# AIM OF THE EXERCISE
Starting at the line with "Colorful Creations cleanfit", retype every remaining line of the records exactly. Do not include pictures.

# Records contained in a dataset
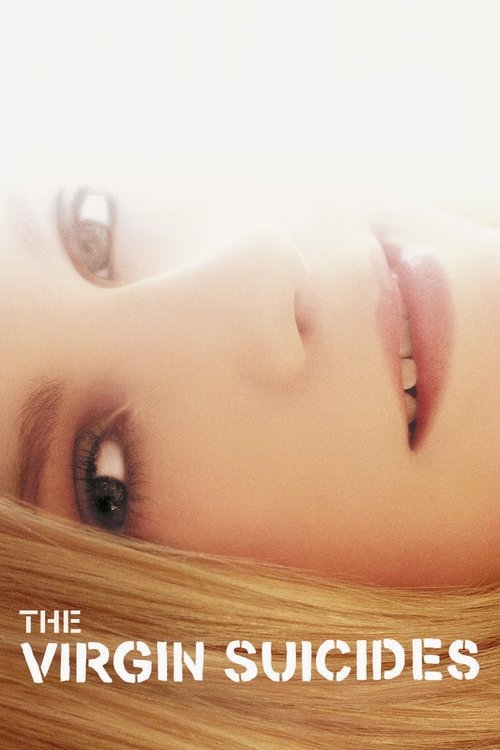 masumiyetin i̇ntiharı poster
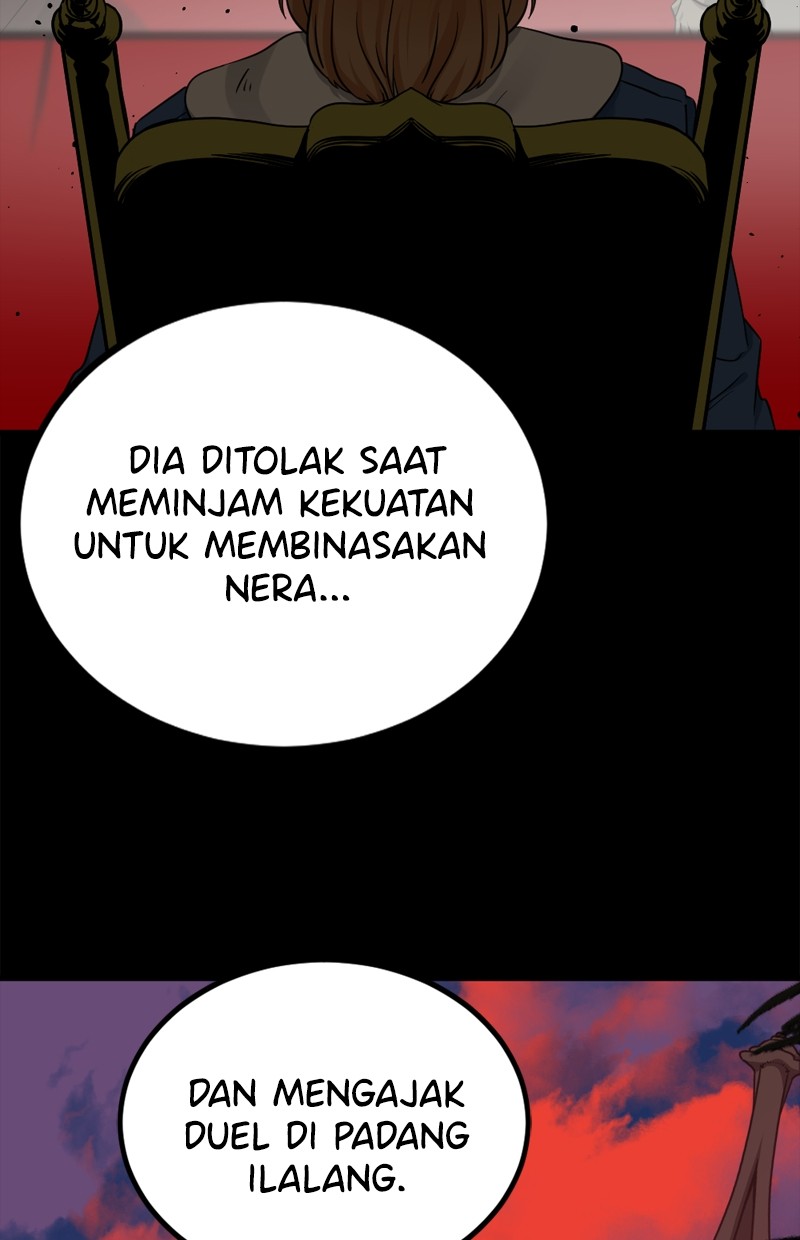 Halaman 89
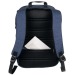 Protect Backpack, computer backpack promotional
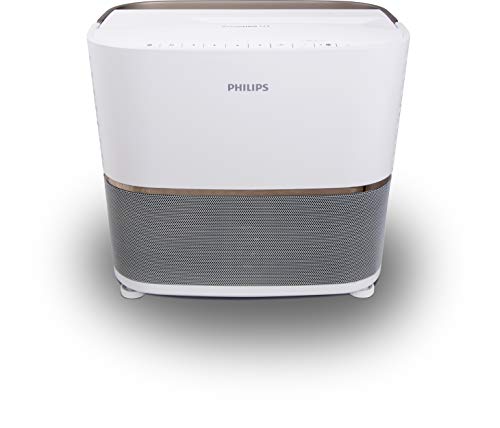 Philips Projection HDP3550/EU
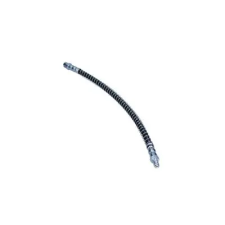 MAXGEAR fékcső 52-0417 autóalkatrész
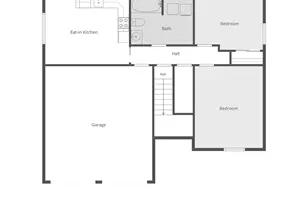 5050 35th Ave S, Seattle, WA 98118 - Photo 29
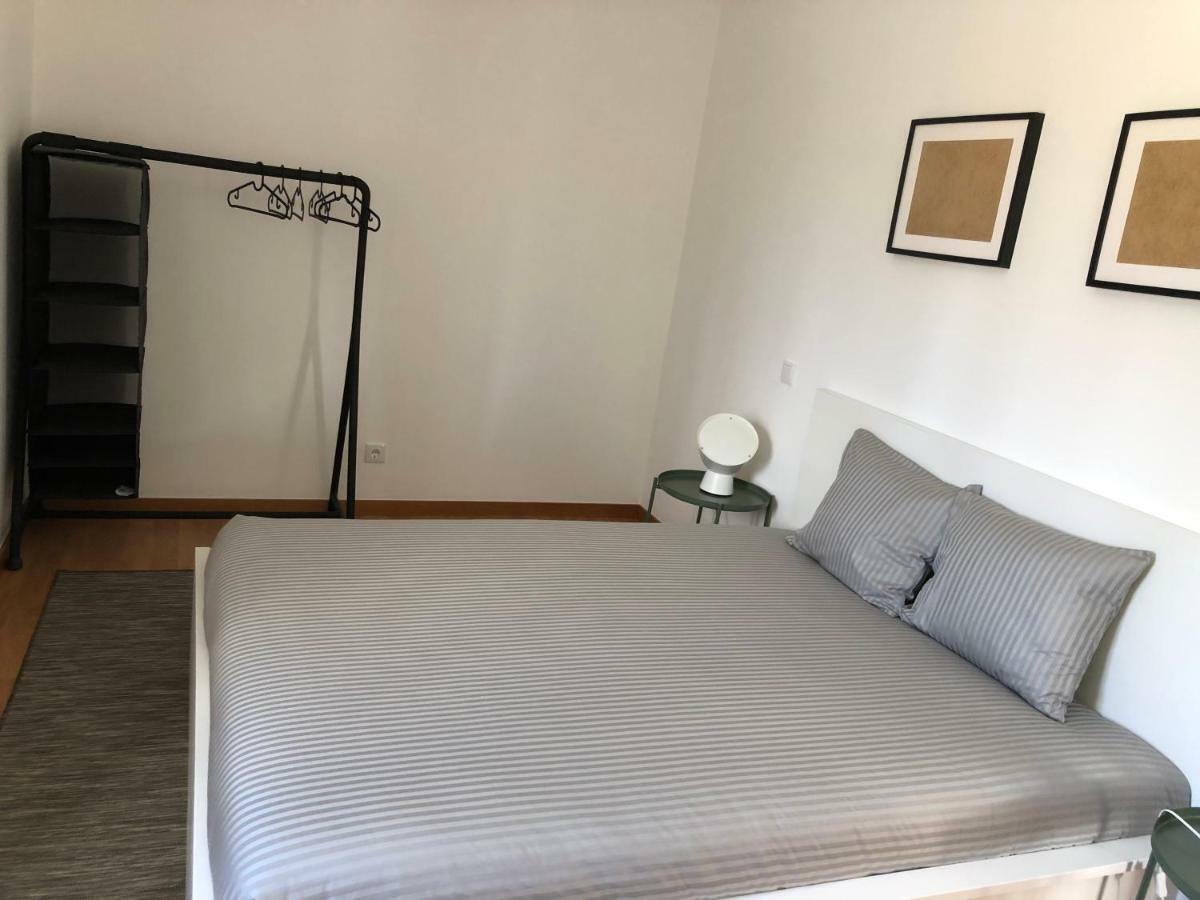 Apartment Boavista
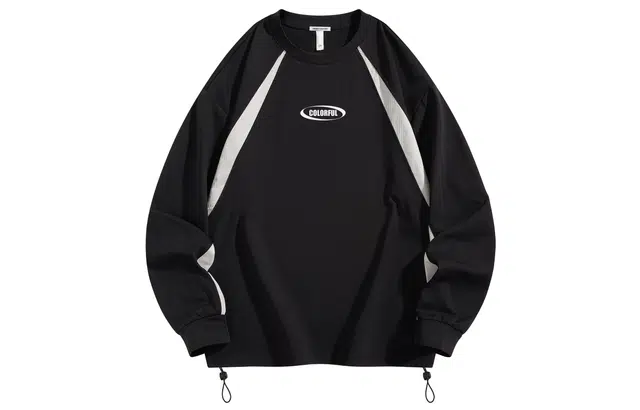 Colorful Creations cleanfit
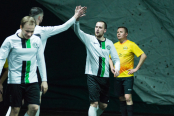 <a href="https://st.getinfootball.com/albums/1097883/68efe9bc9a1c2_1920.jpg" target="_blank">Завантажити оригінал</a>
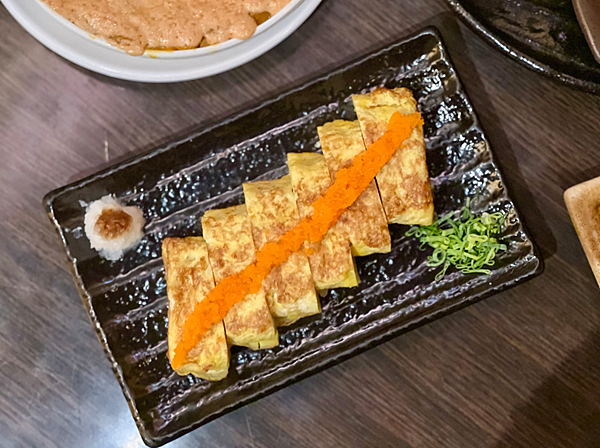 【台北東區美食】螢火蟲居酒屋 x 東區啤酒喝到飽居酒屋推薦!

# FINAL ANSWER
 Colorful Creations cleanfit
 <a href="https://st.getinfootball.com/albums/1097883/68efe9bc9a1c2_1920.jpg" target="_blank">Завантажити оригінал</a>
 【台北東區美食】螢火蟲居酒屋 x 東區啤酒喝到飽居酒屋推薦!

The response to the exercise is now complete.